The North Dakota Department of Transportation demonstrated its first “autonomous impact protection vehicle” at a test site event for federal and state officials on October 8; a truck designed to improve safety for work zone vehicle operators. Meanwhile, the agency inked a deal with Botlink InSites for its drone surveying and mapping needs.
[Above photo by the North Dakota DOT.]
The North Dakota DOT said that providing self-driving capabilities to trucks mounted with crash barriers improves work zone safety by removing the driver from the impact protection vehicle during normal operation. The agency noted that in 2019 there were 261 work zone related crashes on North Dakota highways, resulting in 64 injuries and two fatalities.
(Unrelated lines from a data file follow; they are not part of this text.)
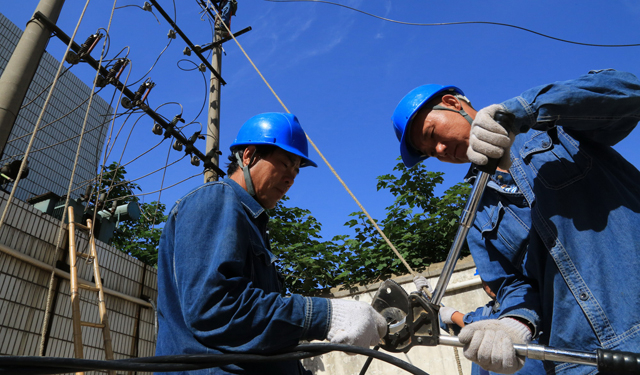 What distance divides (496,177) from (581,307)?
755mm

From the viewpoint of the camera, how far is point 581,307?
5.24ft

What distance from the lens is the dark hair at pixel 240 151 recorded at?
229 cm

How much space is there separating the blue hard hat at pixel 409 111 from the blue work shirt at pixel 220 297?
3.55 feet

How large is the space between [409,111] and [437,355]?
3.61 meters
“This technology is one more tool that we will have available to enhance the safety of work zones in our state,” explained Bill Panos, North Dakota DOT’s director, in a statement.
“The NDOT remains committed to its Vision Zero initiative and our goal is to eliminate fatalities and serious injuries caused by motor vehicle crashes [and] we will continue to look for innovative ways to improve the safety of our state highway system,” he added.
The agency said it used a $241,687 grant from the Federal Highway Administration through its Accelerated Innovation Deployment program in January to purchase autonomous vehicle technology from Kratos Defense, in partnership with Royal Truck & Equipment, to convert an existing North Dakota DOT truck into a self-driving impact protection vehicle.
The agency added that this autonomous vehicle – which will be deployed in actual work zone protection operations in the spring of 2021 – will be monitored and controlled by a human operated lead vehicle and will automatically follow behind construction equipment without putting a driver in danger.
Concurrently on the technology front, the North Dakota DOT is contracting with Botlink InSites map generation software that uses images collected during drone flights to generate survey maps and 3D models with accurate dimensions.
The agency currently uses drones to deliver stockpiles of aggregate – rock, sand, and other building materials – by air and then processes that information to generate accurate inventory numbers.
BotSites noted that users can identify stockpiles of materials they want to measure within its mapping software; taking hours to calculate inventory, which used to take days on the ground, requiring workers to climb piles to obtain measurements.
“When we were looking for a new stockpile measurement software, the number one factor was accuracy. We compared the Botlink software with our survey team, and the results exceeded expectations,” explained Russ Buchholz, North Dakota DOT’s strategy and innovation director, in a statement. “The software is simple to use and returns results fast.”